The study was well designed. However, as in most studies, there were a few important limitations.
For starters, the number of participants was low. A larger number of participants would have increased the statistical power of the study.
Second, the study included only healthy, non-obese men. For this reason, the results cannot be generalized. The effects might be different in obese people or women.
The probiotic supplement also contained multiple strains of bacteria, which may have different effects on health. For this reason, it is unclear which probiotic bacteria were responsible for suppressing weight gain.

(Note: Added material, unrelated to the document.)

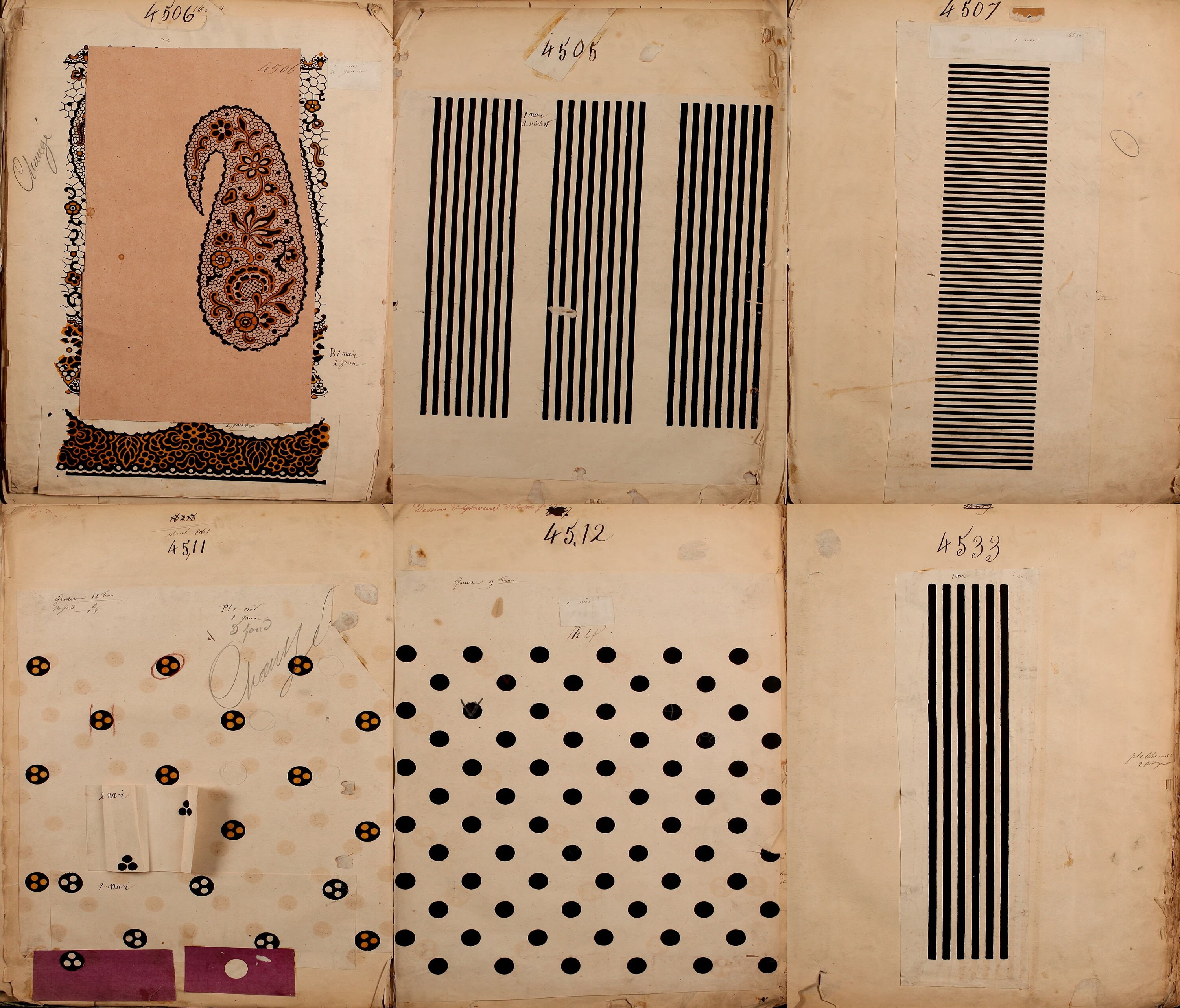 Vintage French Textile Designs, 1863 Sample Book (PDF) - Etsy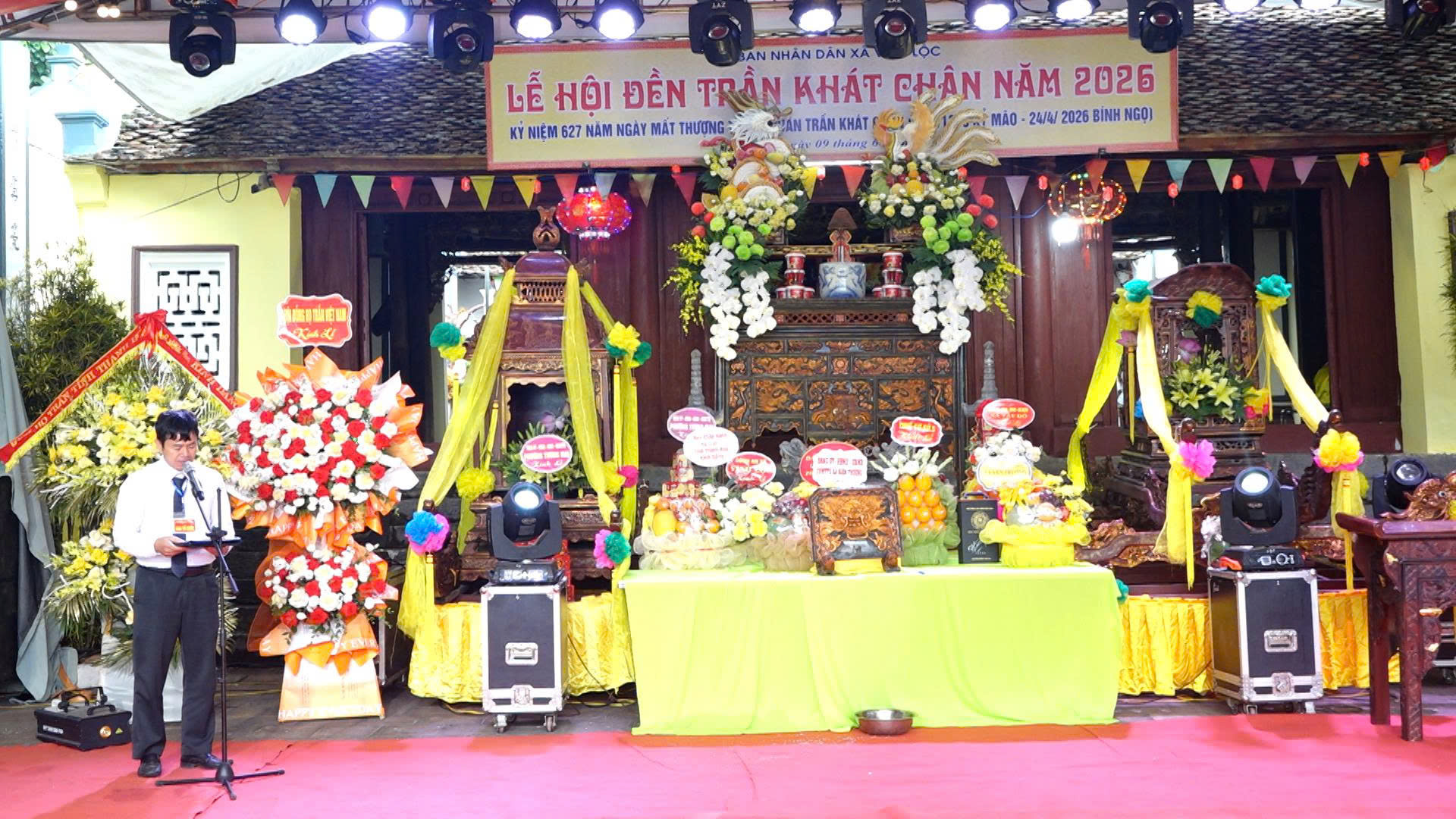 Xã Vĩnh Lộc tổ chức Lễ kỷ niệm 627 năm ngày mất Thượng tướng quân Trần Khát Chân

Bottom Line: This study was well designed and conducted. However, the number of participants was low and the findings may not apply to women or people with obesity.
Summary and Real-Life Application
This study evaluated whether probiotic supplements would help protect against the adverse effects of consuming a high-fat, high-calorie, weight-gain diet.
Neither the diet nor the probiotics had significant effects on insulin sensitivity or endotoxin levels.
The diet did cause an increase in one inflammatory marker, but the probiotics did not have any effect.
However, this study did show that people who took a probiotic supplement gained significantly less weight and fat mass. This indicates that probiotics may be an effective way to prevent weight gain and obesity.
Probiotics may even be useful for weight loss if the diet is not hypercaloric, but the current study did not test that.